Apple Gets Aggressive in Brazil
Brazil is No. 2 on Apple's BRIC priority list. CEO Tim Cook made that much clear late last year, saying the country is the next biggest opportunity behind China out of those emerging markets. While Cook didn't "envision" Apple opening retail stores in Brazil anytime soon, the company has already begun hiring for retail positions, which suggests that Brazilian Apple Stores may not be too far off.
In the meantime, another challenge that Apple has historically faced in Brazil is that carriers don't subsidize smartphones; the practice is considered an illegal tie-in sale. As investors know, unsubsidized iPhones are rather pricey, especially for consumers in emerging markets.

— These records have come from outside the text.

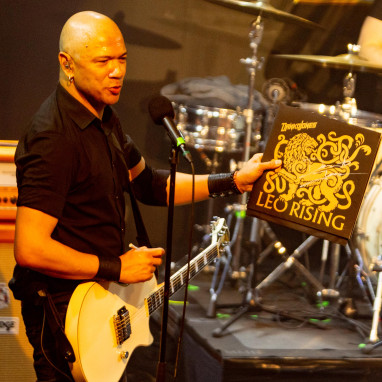 review: Danko Jones - 28/11 - Melkweg Danko Jones
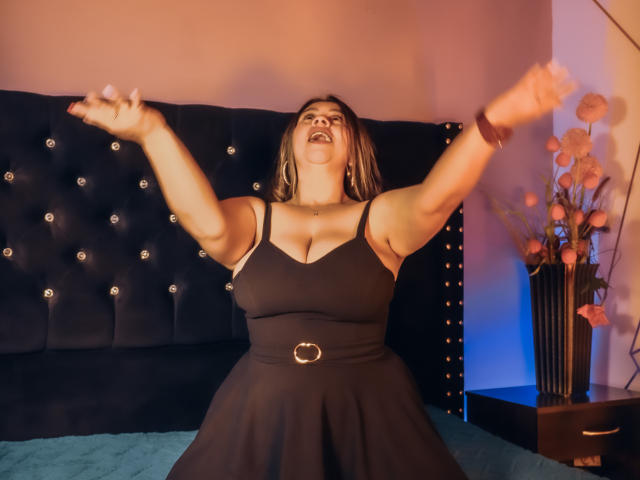 MelindaBoobs - Camera khiêu dâm &amp; quyến rũ trực tiếp - 26672306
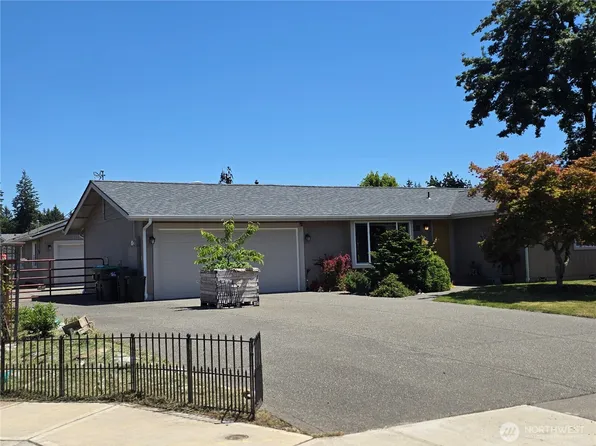 810 Century Court NE, Lacey, WA 98516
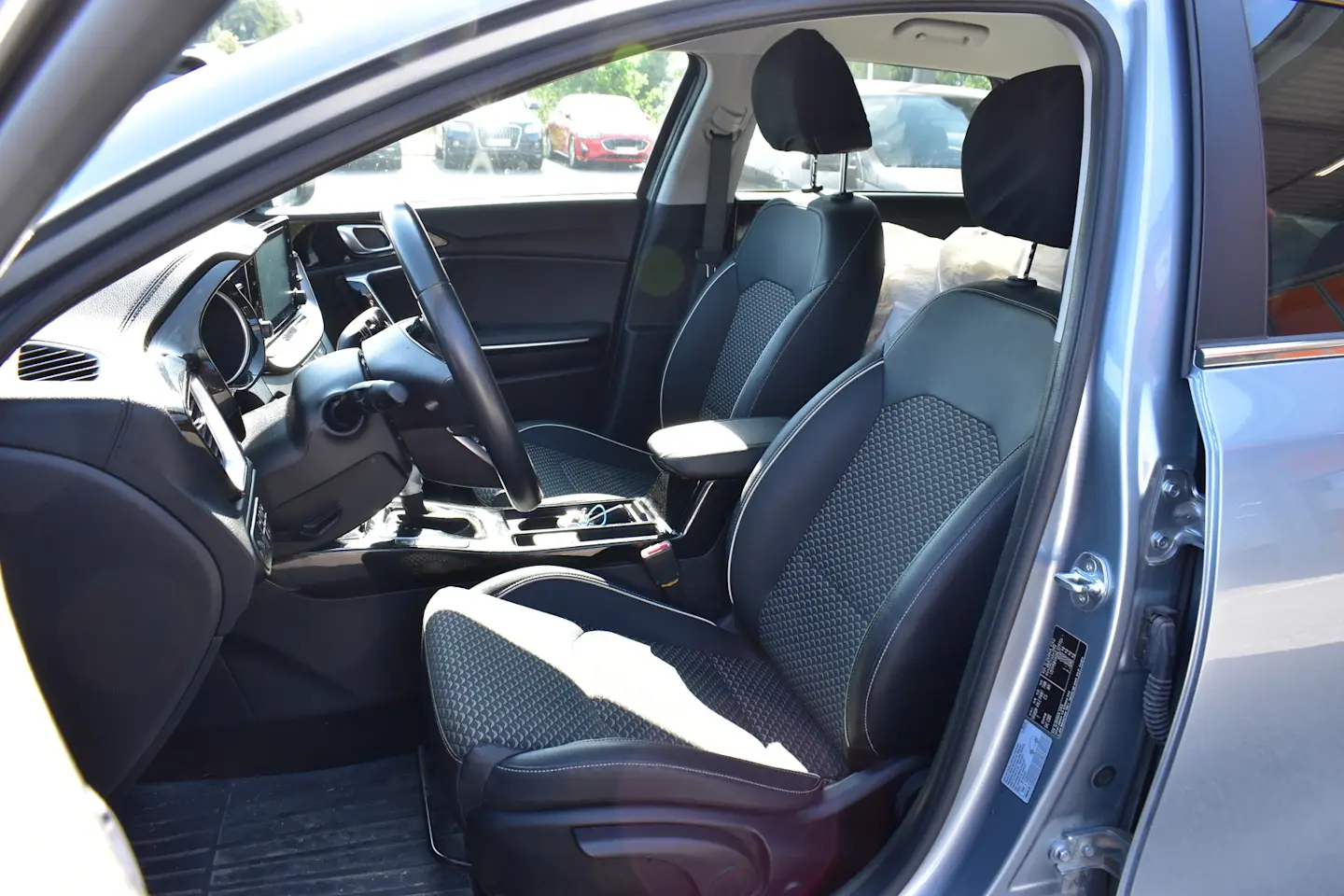 Car Image - 2v2oRc6nPDCYRqmmhJUWo8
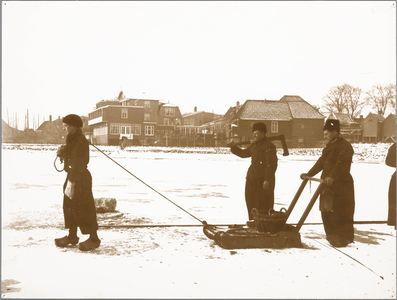 WAT001019796 Vissers bezig met botkloppen op het ijs van de Gouwzee.Op de achtergrond hotel Spaander en 'Wullempie' ...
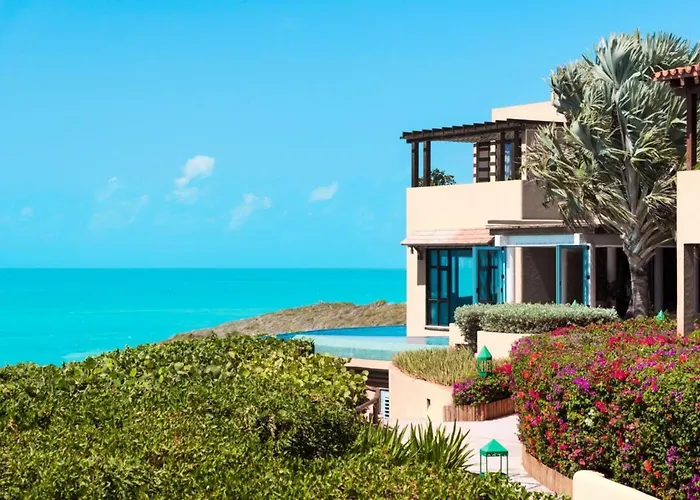 Affordable Luxury Villa BajacuVilla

Well, the iPhone maker has now decided to get aggressive in Brazil by dropping the price of both the iPhone 4 and iPhone 4S. Apple has reduced retail iPhone pricing by 15% to 25%, depending on the model. The iPhone 4 saw its price fall from $741 to "just" $544, while the iPhone 4S now sits at the $840 price point, down from $989.
Installment payment plans are generally very popular in Brazil, and Apple also offers monthly plans to prospective buyers. Apple also offers a 10% discount to customers that willing to pay the full amount upfront.
When Cook spoke at the Goldman Sachs Technology and Internet Conference in February, he noted that Apple has been making numerous efforts recently to make its products more affordable. Apple supplier Foxconn has also been expanding in Brazil and is preparing to build its fifth facility. Producing iDevices locally can also help bring down costs since gadgets won't face hefty import taxes.
Apple has just begun taking India seriously with a major overhaul of operations, with expanded distribution, payment plans, and increased marketing. Brazil is a more promising BRIC country than India, so it's not surprising to see Apple put some more focus there now, too.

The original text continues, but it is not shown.